Action item
Images don't belong in the copy. Output the rest of the data exactly.

======

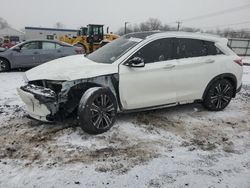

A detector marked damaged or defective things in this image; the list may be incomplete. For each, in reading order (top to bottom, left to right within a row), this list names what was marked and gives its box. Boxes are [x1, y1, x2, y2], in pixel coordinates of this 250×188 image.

dented hood [25, 54, 118, 81]
damaged white suv [18, 32, 243, 134]
front bumper damage [17, 84, 59, 122]
crumpled front end [17, 84, 59, 122]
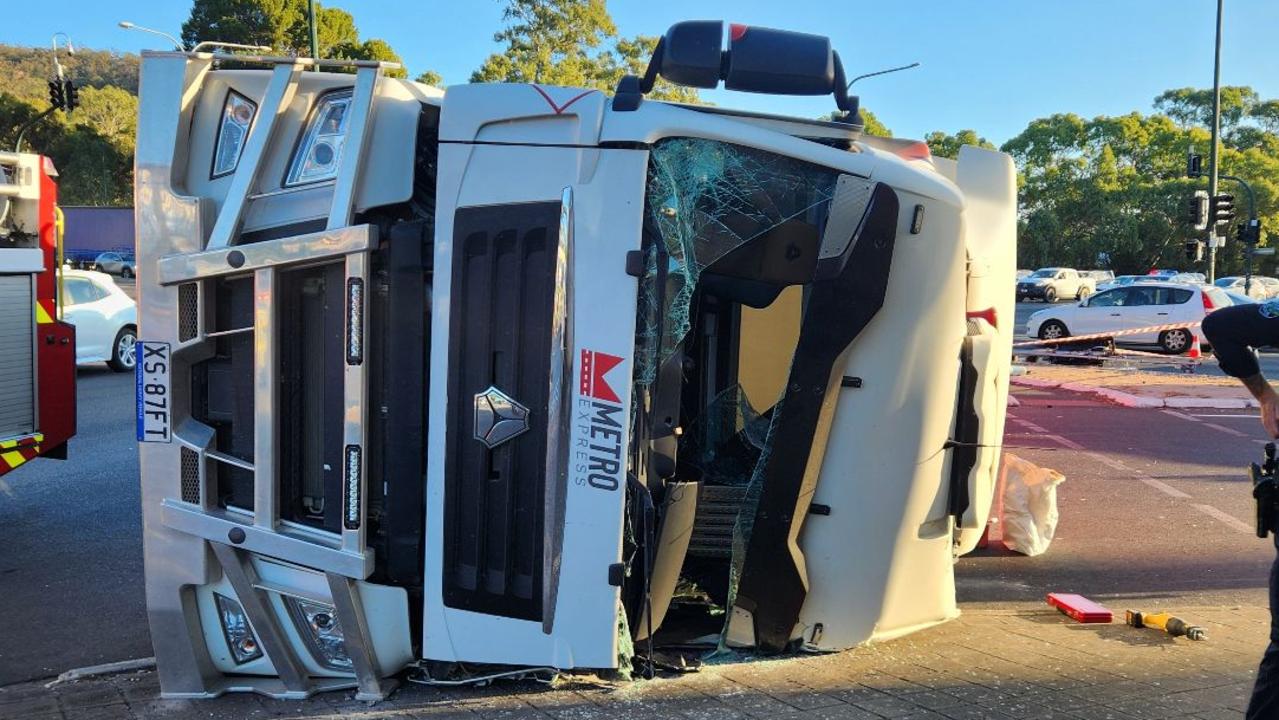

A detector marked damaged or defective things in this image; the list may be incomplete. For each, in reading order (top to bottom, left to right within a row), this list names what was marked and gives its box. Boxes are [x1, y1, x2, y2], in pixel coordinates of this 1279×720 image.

overturned white truck [134, 21, 1012, 700]
shattered windshield [636, 139, 839, 388]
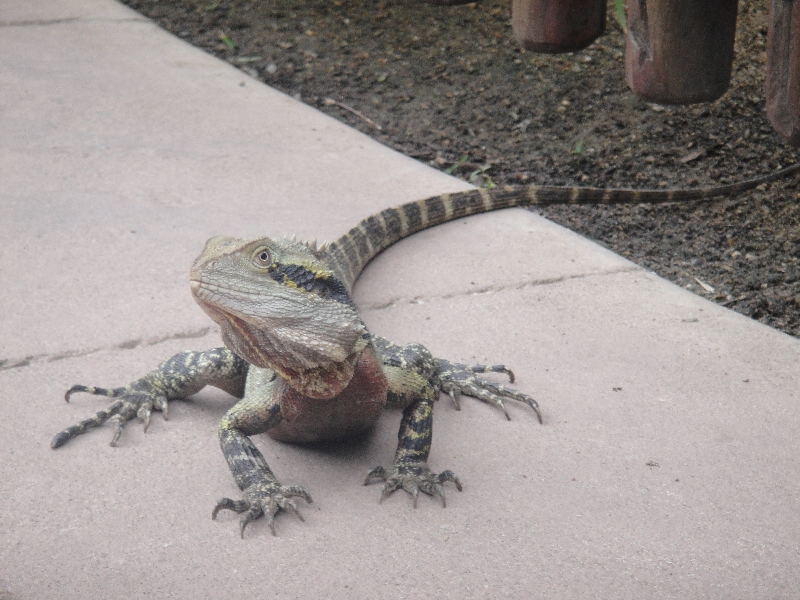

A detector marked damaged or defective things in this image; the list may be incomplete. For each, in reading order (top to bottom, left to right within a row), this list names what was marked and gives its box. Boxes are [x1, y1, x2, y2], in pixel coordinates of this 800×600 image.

rusty metal pole [512, 0, 608, 53]
rusty metal pole [624, 0, 736, 104]
rusty metal pole [764, 0, 800, 144]
pavement crack [360, 266, 640, 312]
pavement crack [0, 326, 212, 372]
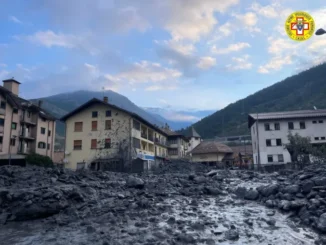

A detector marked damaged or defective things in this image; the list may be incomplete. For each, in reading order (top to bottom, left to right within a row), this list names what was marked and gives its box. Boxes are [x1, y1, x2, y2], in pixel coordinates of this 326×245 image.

damaged road [0, 163, 324, 245]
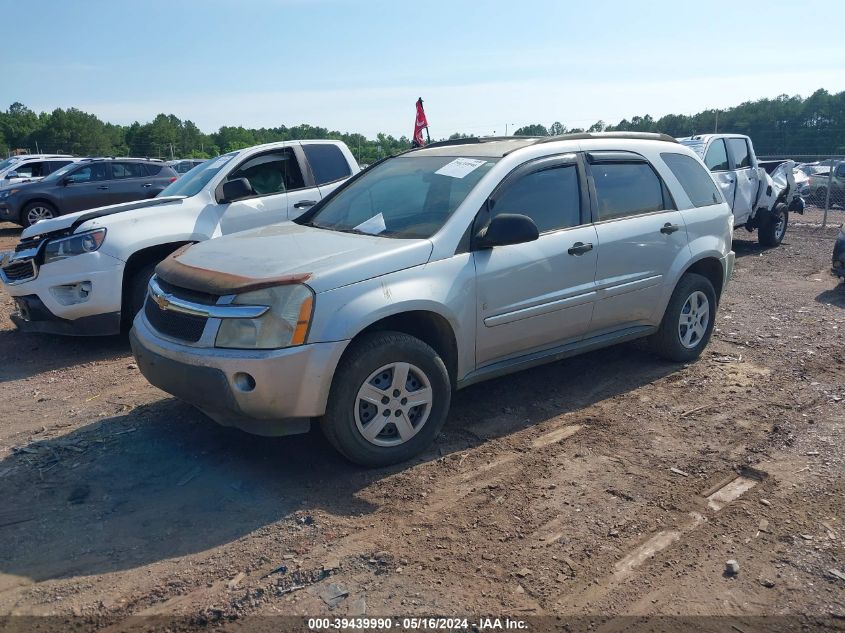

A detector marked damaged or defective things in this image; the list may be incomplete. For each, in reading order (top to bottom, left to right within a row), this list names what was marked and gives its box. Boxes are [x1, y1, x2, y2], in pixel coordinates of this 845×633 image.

rusty hood [155, 221, 436, 296]
damaged front bumper [128, 314, 350, 434]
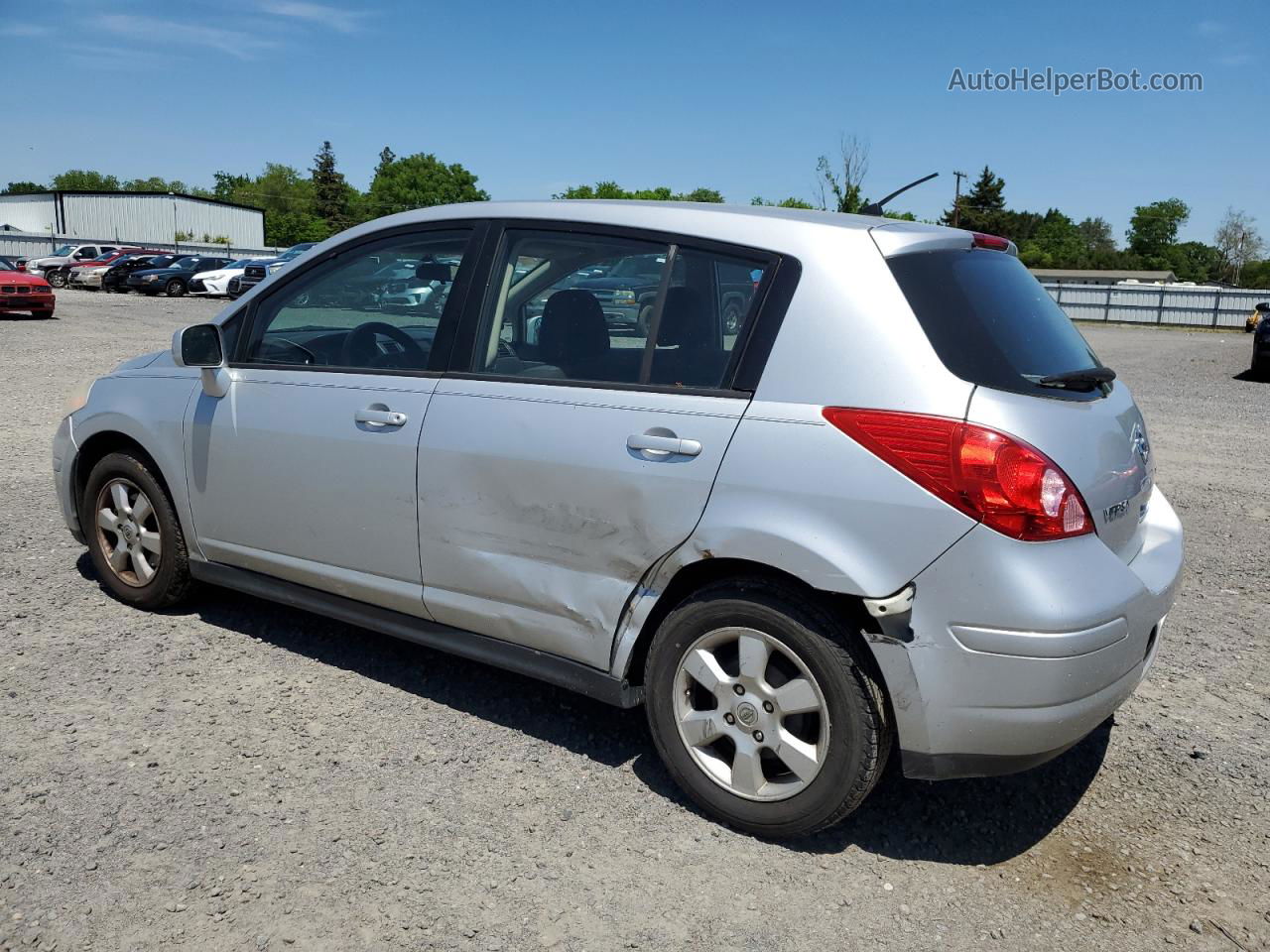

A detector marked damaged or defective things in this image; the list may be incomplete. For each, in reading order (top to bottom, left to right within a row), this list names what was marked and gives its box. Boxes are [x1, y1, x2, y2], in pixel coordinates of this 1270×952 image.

dented door panel [421, 378, 746, 669]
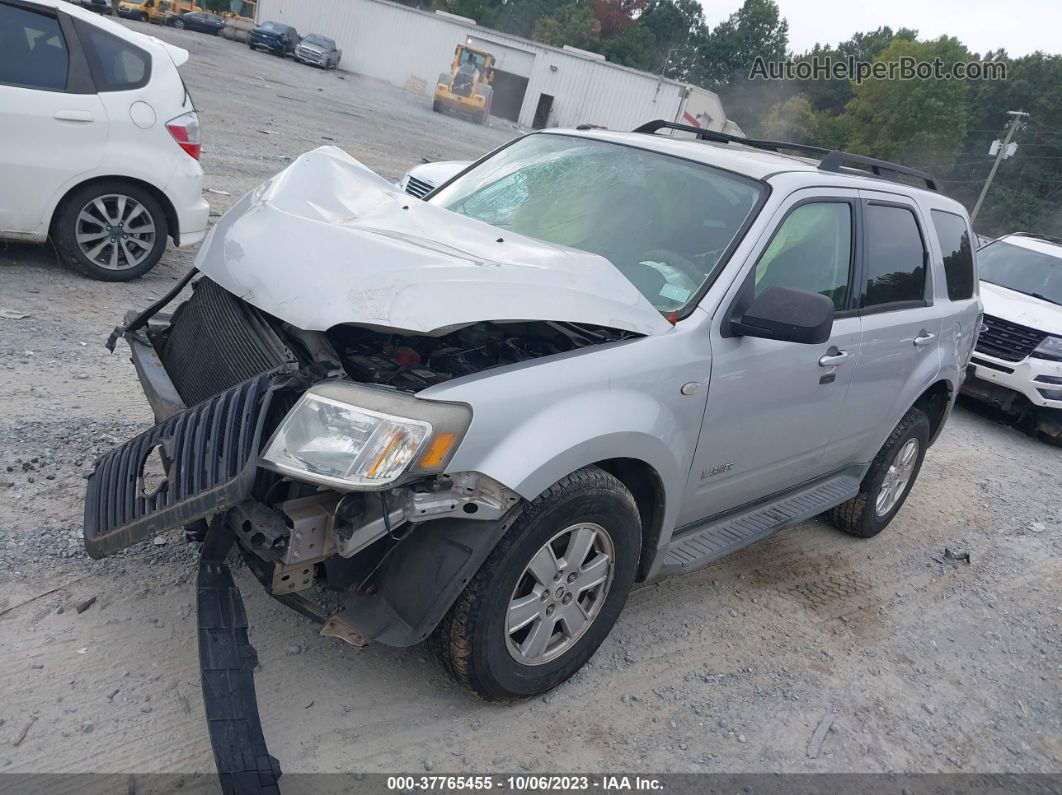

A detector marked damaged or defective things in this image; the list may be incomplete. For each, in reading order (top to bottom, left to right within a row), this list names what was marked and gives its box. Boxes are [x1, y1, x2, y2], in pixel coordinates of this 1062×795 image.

detached grille [83, 373, 278, 556]
broken front bumper [82, 371, 282, 556]
detached grille [157, 278, 293, 403]
detached grille [405, 175, 439, 198]
crumpled hood [195, 145, 666, 335]
damaged silver suv [87, 121, 981, 696]
detached grille [972, 314, 1045, 360]
crumpled hood [977, 278, 1062, 335]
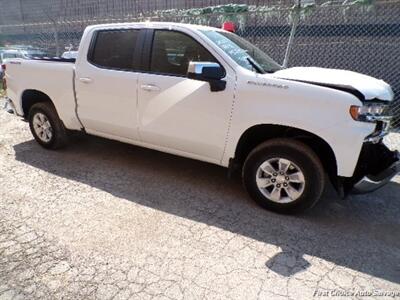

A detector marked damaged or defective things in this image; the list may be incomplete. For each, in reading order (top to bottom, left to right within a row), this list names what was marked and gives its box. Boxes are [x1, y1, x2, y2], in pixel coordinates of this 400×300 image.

damaged vehicle in background [2, 22, 396, 213]
cracked pavement [0, 101, 400, 300]
damaged front bumper [340, 142, 400, 196]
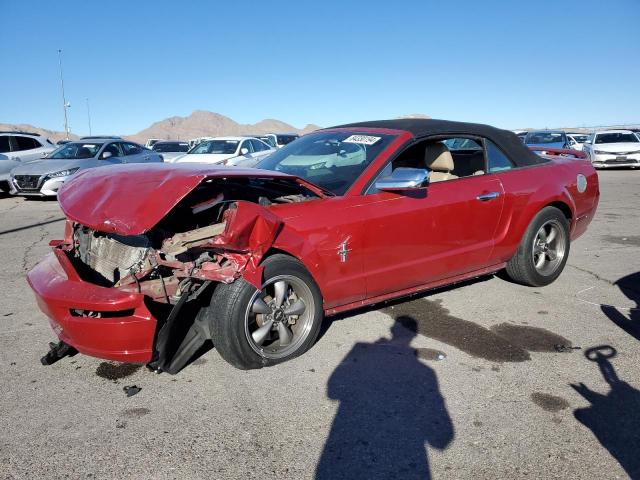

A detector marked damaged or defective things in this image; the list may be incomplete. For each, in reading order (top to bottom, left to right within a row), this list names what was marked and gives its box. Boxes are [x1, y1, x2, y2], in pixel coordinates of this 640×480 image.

bent hood [11, 158, 96, 175]
cracked bumper [28, 249, 160, 362]
crumpled front end [28, 174, 318, 366]
bent hood [56, 162, 312, 235]
damaged red mustang [28, 119, 600, 372]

======

Response to this exercise
A detector marked damaged or defective things in this image; the list may be incomplete. For each, in reading order (top to bottom, left to right within a row), this list names what was marked and gives its box. Boxes are [x1, y1, x2, y2], in pixel coordinates of this 250×188 image.

dented hood [25, 54, 118, 81]
damaged white suv [18, 32, 243, 134]
front bumper damage [17, 84, 59, 122]
crumpled front end [17, 84, 59, 122]

A detector marked damaged or defective things in this image; the list may be incomplete. For each, in reading order (top to bottom, left to right within a row), this list names what was marked and gives its box. Boxes are [x1, y1, x2, y2], in pixel coordinates of this 1279×720 image.

overturned white truck [134, 21, 1012, 700]
shattered windshield [636, 139, 839, 388]

A detector marked damaged or defective things in this image; the list may be incomplete. For each, in reading order (top to bottom, left to right within a row), this list names what was marked and gives its box. Boxes are [x1, y1, x2, y2], in pixel coordinates of this 800×600 image.

rusty metal pole [512, 0, 608, 53]
rusty metal pole [624, 0, 736, 104]
rusty metal pole [764, 0, 800, 144]
pavement crack [360, 266, 640, 312]
pavement crack [0, 326, 212, 372]

A detector marked damaged or defective things in this image; the list may be incomplete. For each, in reading order (top to bottom, left to right within a row), this list names what was marked and gives its box. Boxes are [x1, y1, x2, y2], in pixel coordinates of this 326×245 image.

damaged road [0, 163, 324, 245]

A detector marked damaged or defective things in this image; the list may be incomplete. For each, in reading order (top to bottom, left to right within a row), this list names what was marked and gives its box. Boxes are [x1, y1, x2, y2], in pixel coordinates of this 845×633 image.

rusty hood [155, 221, 436, 296]
damaged front bumper [128, 314, 350, 434]

A detector marked damaged or defective things in this image; the list may be incomplete. For each, in reading order (top to bottom, left to right within a row), this list names what was marked and gives its box. Boxes are [x1, y1, x2, y2], in pixel coordinates of this 1270×952 image.

dented door panel [421, 378, 746, 669]

A detector marked damaged or defective things in this image; the list may be incomplete. For each, in reading order (top to bottom, left to right within a row), this list names what was marked and gives its box. Boxes are [x1, y1, x2, y2], in pixel coordinates of this 1062×795 image.

detached grille [83, 373, 278, 556]
broken front bumper [82, 371, 282, 556]
detached grille [157, 278, 293, 403]
detached grille [405, 175, 439, 198]
crumpled hood [195, 145, 666, 335]
damaged silver suv [87, 121, 981, 696]
detached grille [972, 314, 1045, 360]
crumpled hood [977, 278, 1062, 335]

A detector marked damaged or defective things in this image; the list may be incomplete. For each, in reading order (top to bottom, left to right within a row), this list names what was marked and gives its box. Boxes are [x1, y1, x2, y2], in pixel coordinates of this 400×300 image.

damaged vehicle in background [2, 22, 396, 213]
cracked pavement [0, 101, 400, 300]
damaged front bumper [340, 142, 400, 196]

A detector marked damaged or defective things in this image; the list may be incomplete. For each, in reading order (top to bottom, left to right within a row), this list names what was marked and gives its box. Boxes are [x1, y1, x2, y2], in pixel coordinates of this 640×480 image.

bent hood [11, 158, 96, 175]
cracked bumper [28, 249, 160, 362]
crumpled front end [28, 174, 318, 366]
bent hood [56, 162, 312, 235]
damaged red mustang [28, 119, 600, 372]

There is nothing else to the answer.